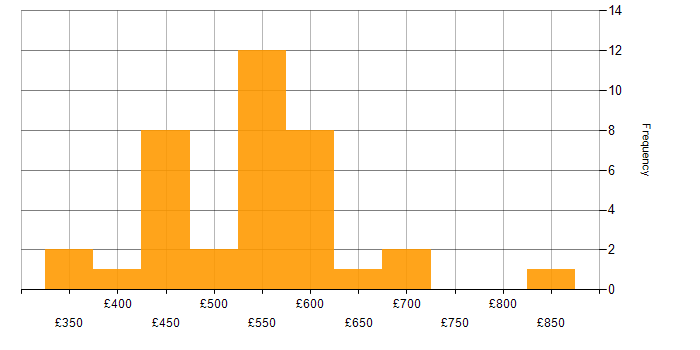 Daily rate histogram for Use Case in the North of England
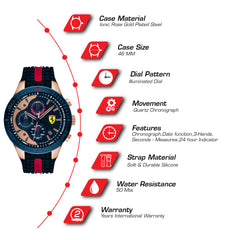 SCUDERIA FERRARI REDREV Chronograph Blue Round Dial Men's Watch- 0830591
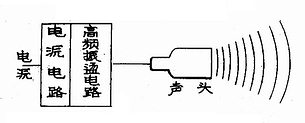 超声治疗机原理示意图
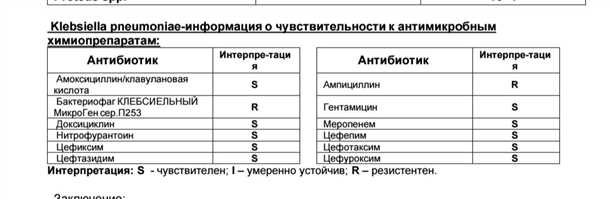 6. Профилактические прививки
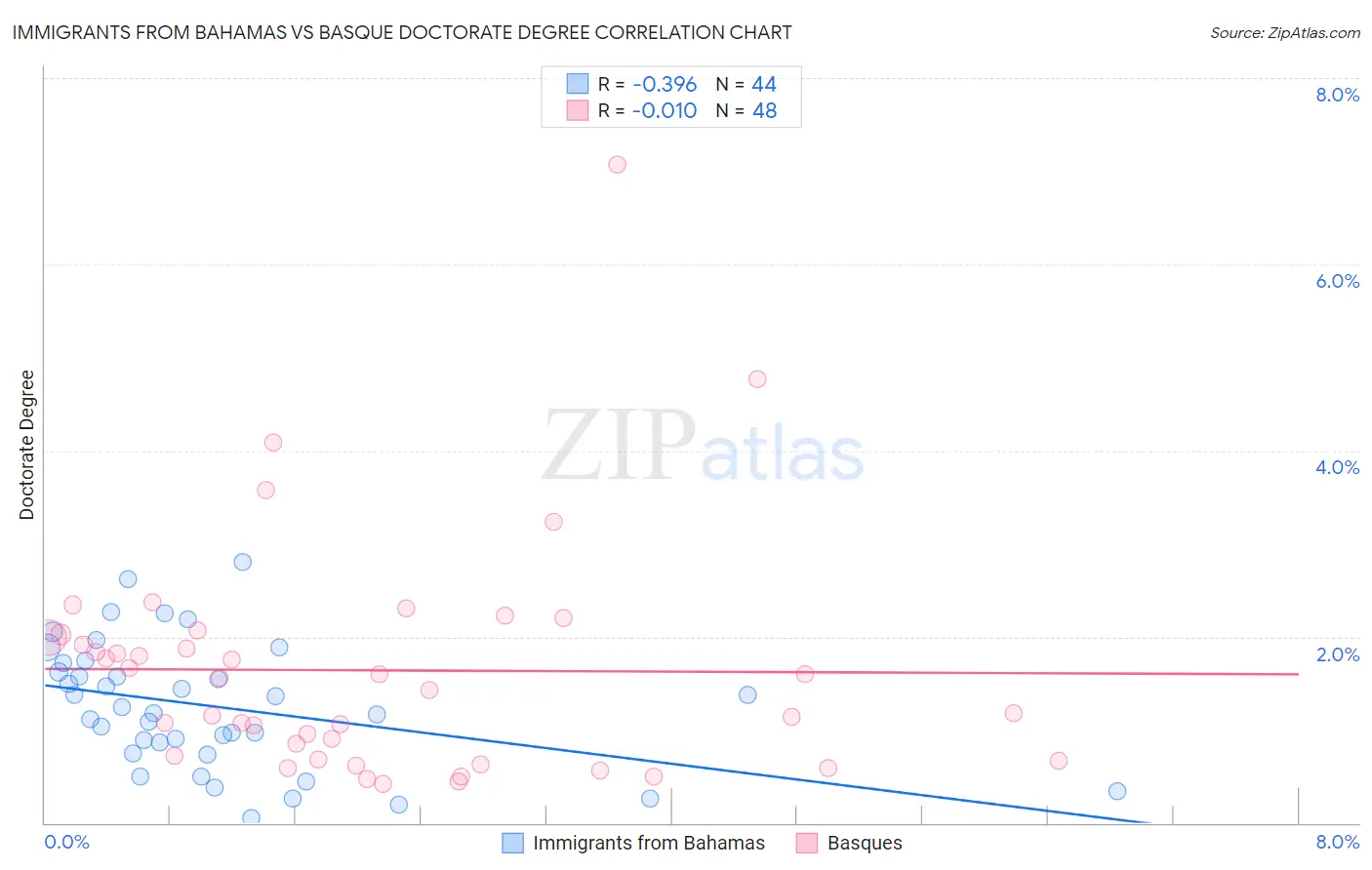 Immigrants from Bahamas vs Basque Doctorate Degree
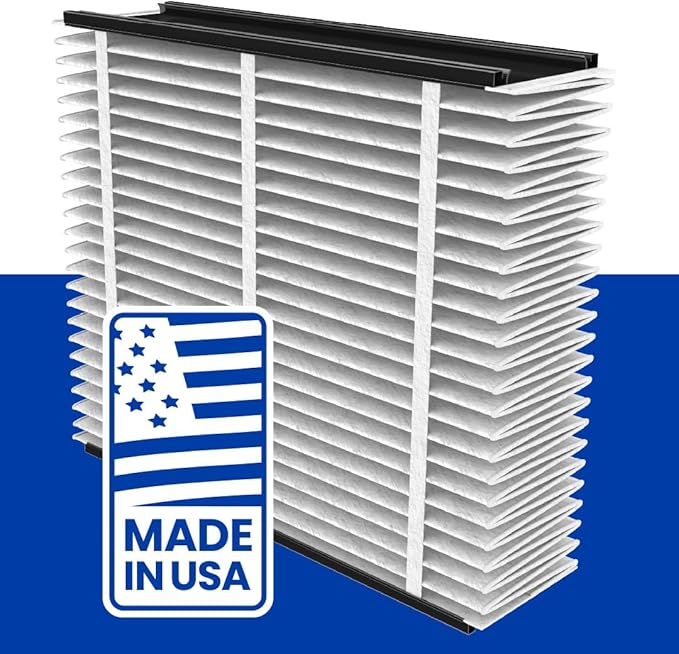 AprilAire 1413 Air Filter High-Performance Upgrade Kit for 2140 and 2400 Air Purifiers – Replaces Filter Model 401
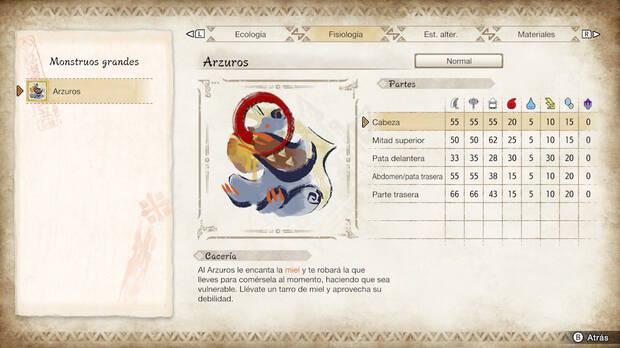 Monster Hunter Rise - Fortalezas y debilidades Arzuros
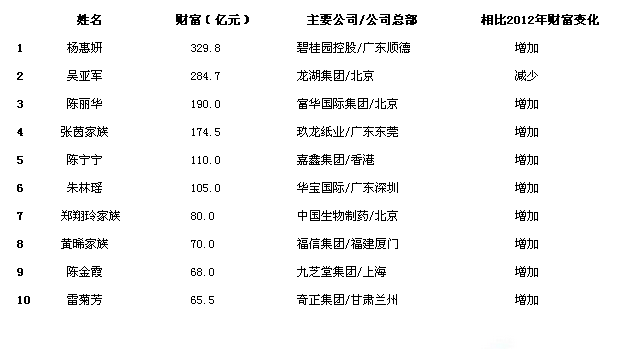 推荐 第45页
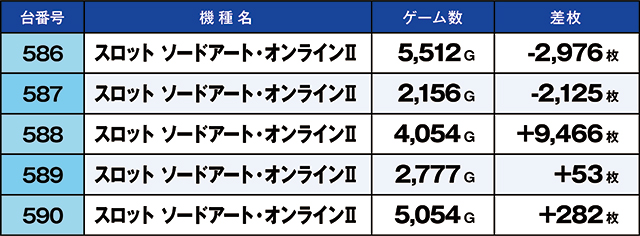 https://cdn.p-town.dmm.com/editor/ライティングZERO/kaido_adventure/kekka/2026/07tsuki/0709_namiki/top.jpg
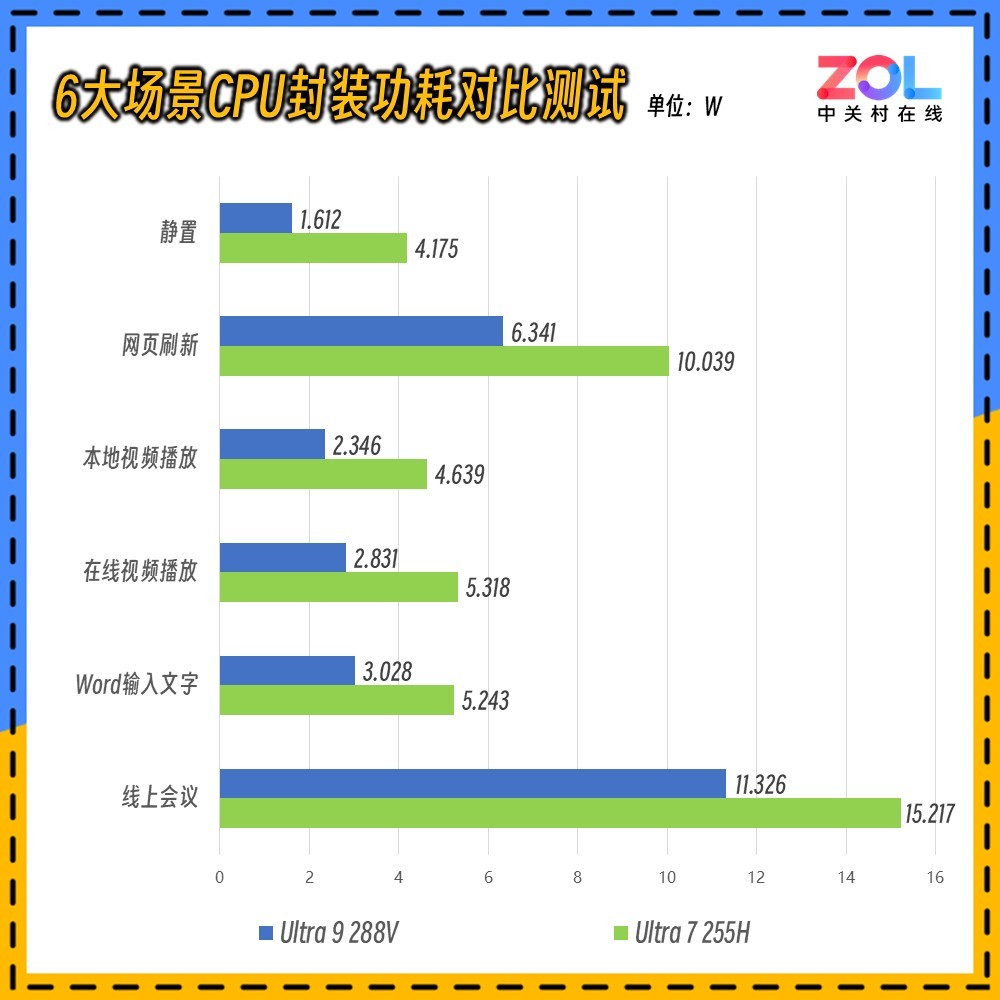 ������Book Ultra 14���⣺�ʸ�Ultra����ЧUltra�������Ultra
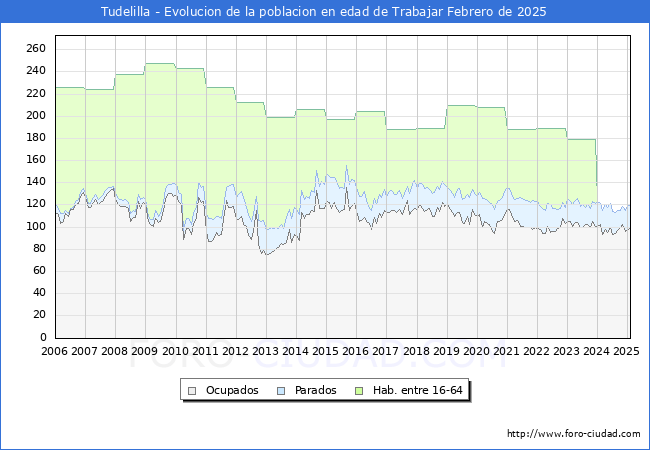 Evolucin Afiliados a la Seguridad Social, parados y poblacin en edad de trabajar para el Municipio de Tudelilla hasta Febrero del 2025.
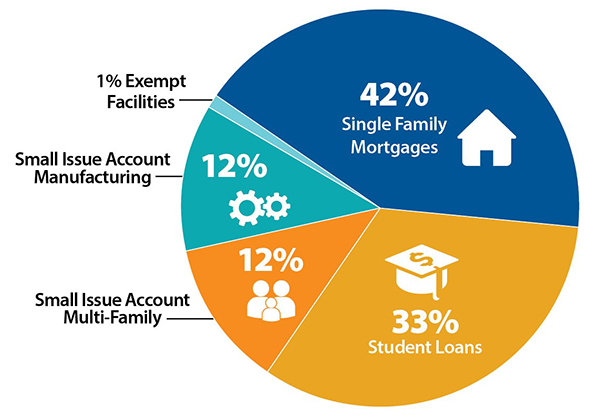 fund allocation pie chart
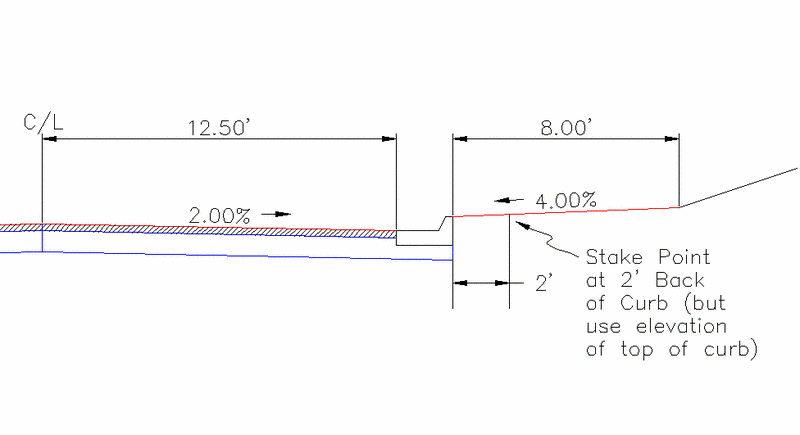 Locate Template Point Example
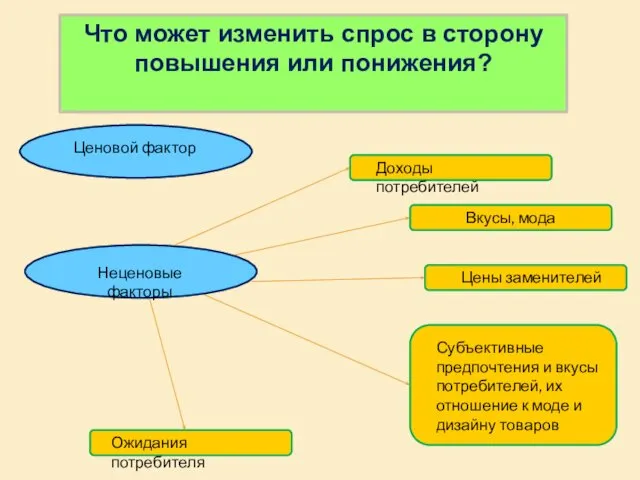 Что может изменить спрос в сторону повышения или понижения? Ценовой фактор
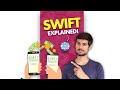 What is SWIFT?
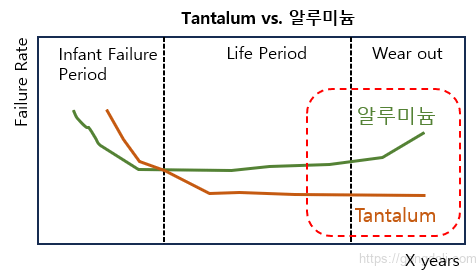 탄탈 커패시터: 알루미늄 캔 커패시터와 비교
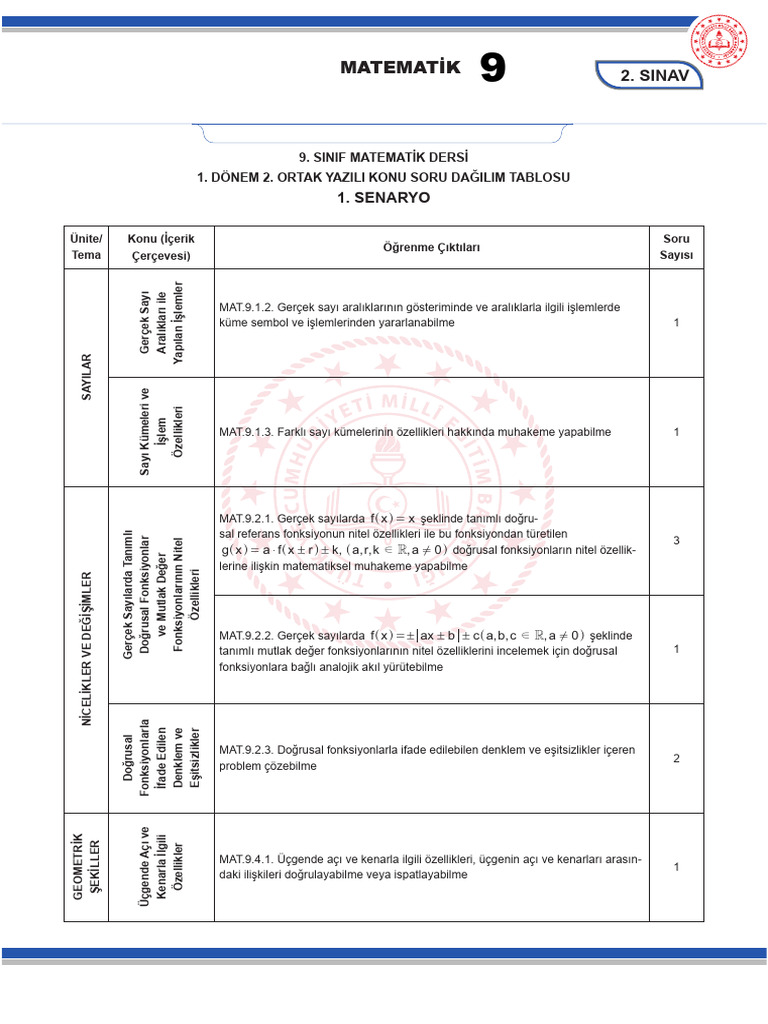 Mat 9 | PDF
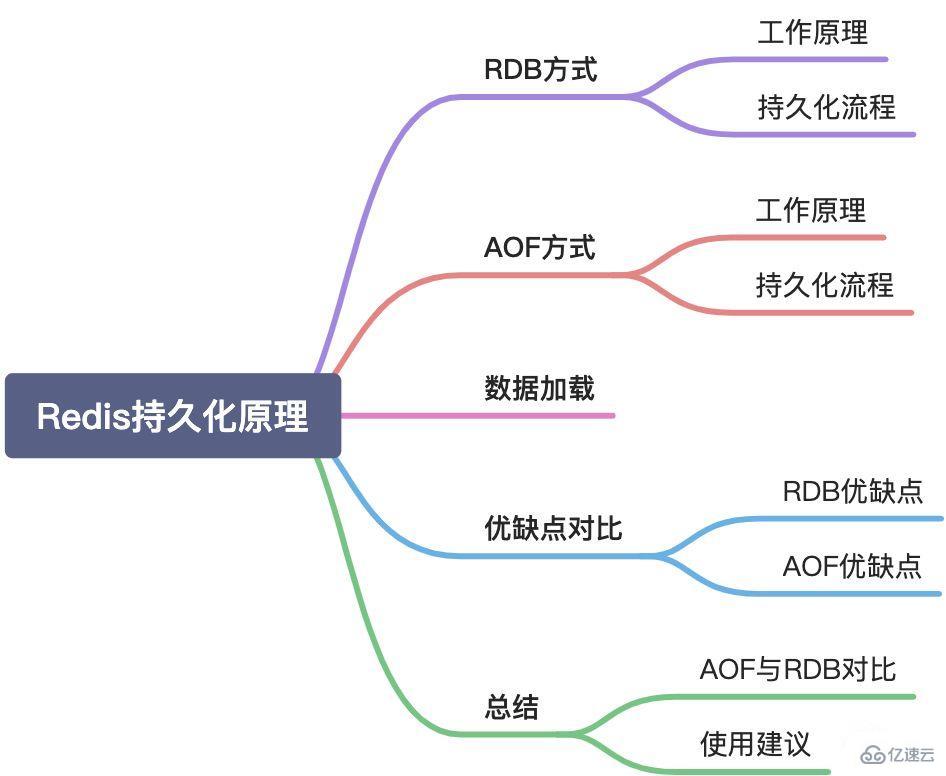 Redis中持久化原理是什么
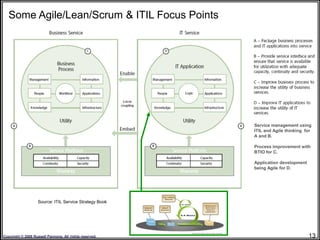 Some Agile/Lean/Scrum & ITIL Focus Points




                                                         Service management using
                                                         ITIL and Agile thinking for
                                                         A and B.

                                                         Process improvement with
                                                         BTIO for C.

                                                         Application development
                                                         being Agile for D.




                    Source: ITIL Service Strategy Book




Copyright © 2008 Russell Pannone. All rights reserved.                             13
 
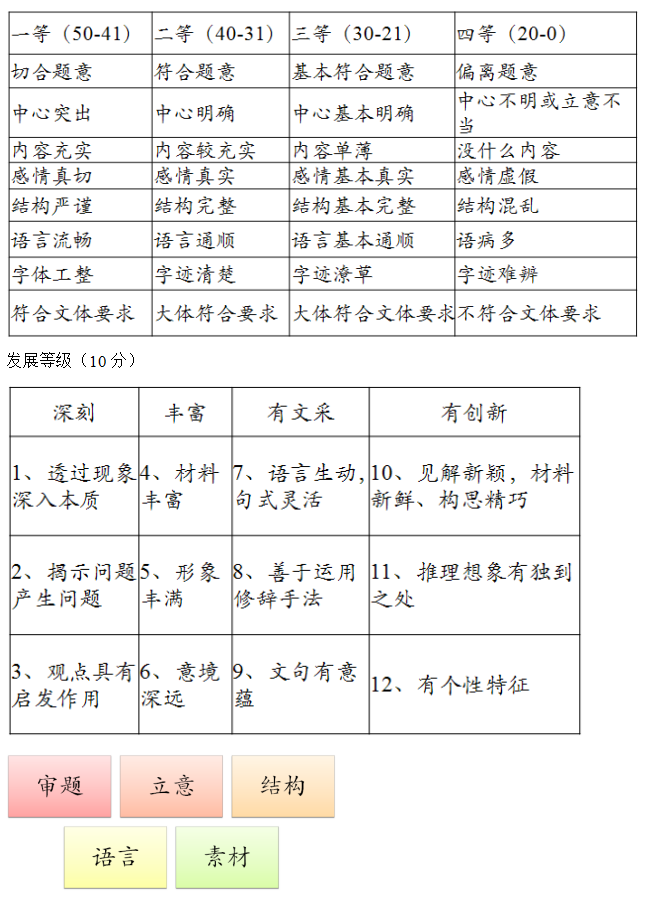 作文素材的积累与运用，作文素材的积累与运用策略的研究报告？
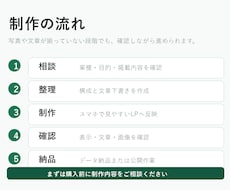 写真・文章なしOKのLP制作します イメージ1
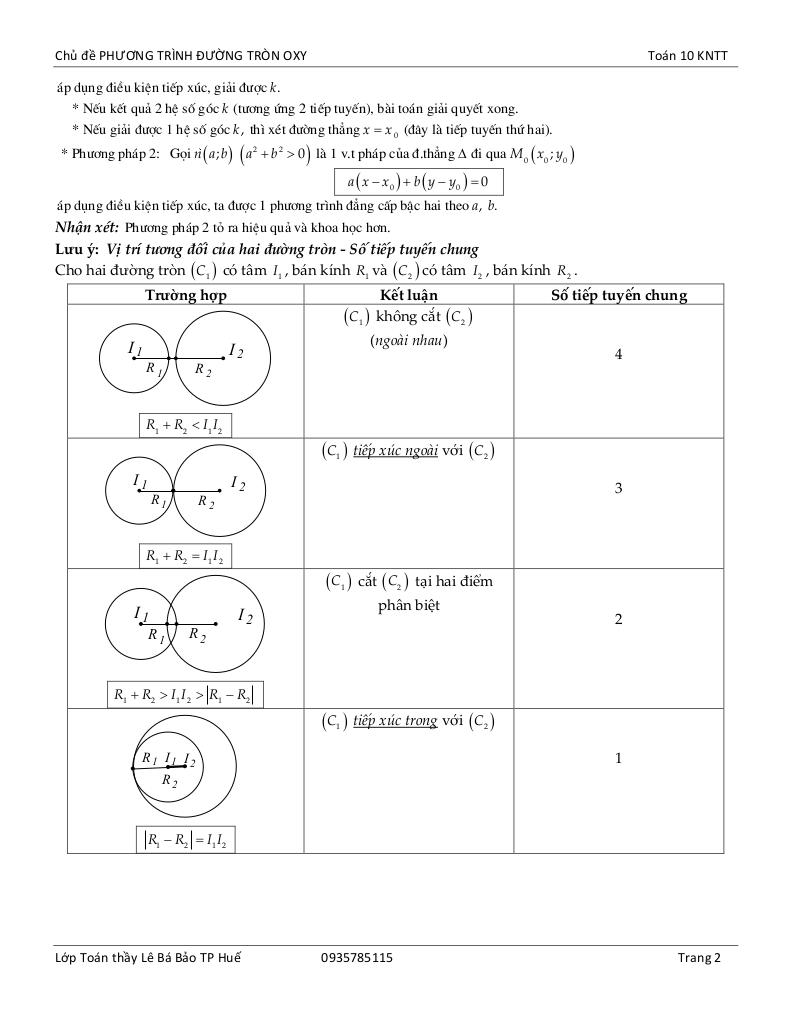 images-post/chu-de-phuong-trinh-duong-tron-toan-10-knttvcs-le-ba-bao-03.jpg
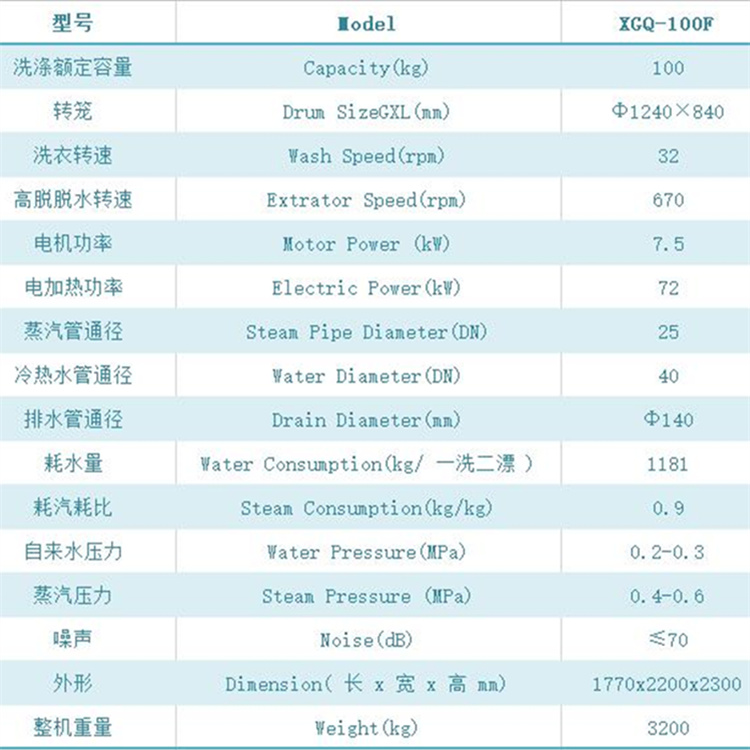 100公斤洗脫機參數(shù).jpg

# Your goal:
Tally the lines of the records that contain the word "Service", then give only the tally.

# Answer to this exercise:
2